Tour de France News Extra for July 8, 2004
Edited by Kristy Scrymgeour and John Stevenson
Australian round up
By John Trevorrow
McEwen back in Green
Photo ©: Sirotti
As predicted, Robbie McEwen had to relinquish the yellow jersey of Tour
de France leader after just one day. His Lotto-Domo team could manage
only 18th place in the team time trial, finishing 4 minutes behind US
Postal, but losing only the maximum 2:30. Lance Armstrong will spend his
60th day in yellow while Robbie has acquired a similar number of yellow-clad
minutes. "A bit short really," said McEwen, "about one hour, 20 minutes.

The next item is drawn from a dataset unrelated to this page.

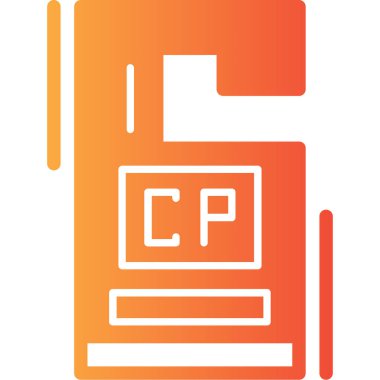 Vektör illüstrasyonu, seo modern simge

I don't suppose you can count the hours I wore it in bed! I did miss out
on the buzz of wearing the Maillot Jaune in the peloton. But the reception
from the crowds was great and I must admit I didn't realise what a buzz
it would be to wear the Yellow Jersey."
About the actual time trial, McEwen said, "the course was pretty stock
standard for a TTT although the conditions were treacherous. We passed
the Cofidis team who all hit the deck. I'm now back in the colour that
I'm a bit more used to. But with one stage win already in the bag, it
feels good to be able to say that I'm just going to go for another stage
win. I've almost done everything I came to do on this Tour - almost."
O'Grady still in the horrors
Photo ©: CN
Stuart O'Grady's horror start continued today as he fell for the third
time in four days. But instead of the frustration you would expect to
be bubbling to the surface after the stage, Stuey was actually laughing.
"Disasters normally come in threes," he said, "so I reckon my luck has
got to change soon. It was like riding on ice and on one of the corners
the first guy just lost it and we all went down like a deck of cards.
Still there's still more than two weeks to go and I've got to be talking
about a positive story at a stage finish soon."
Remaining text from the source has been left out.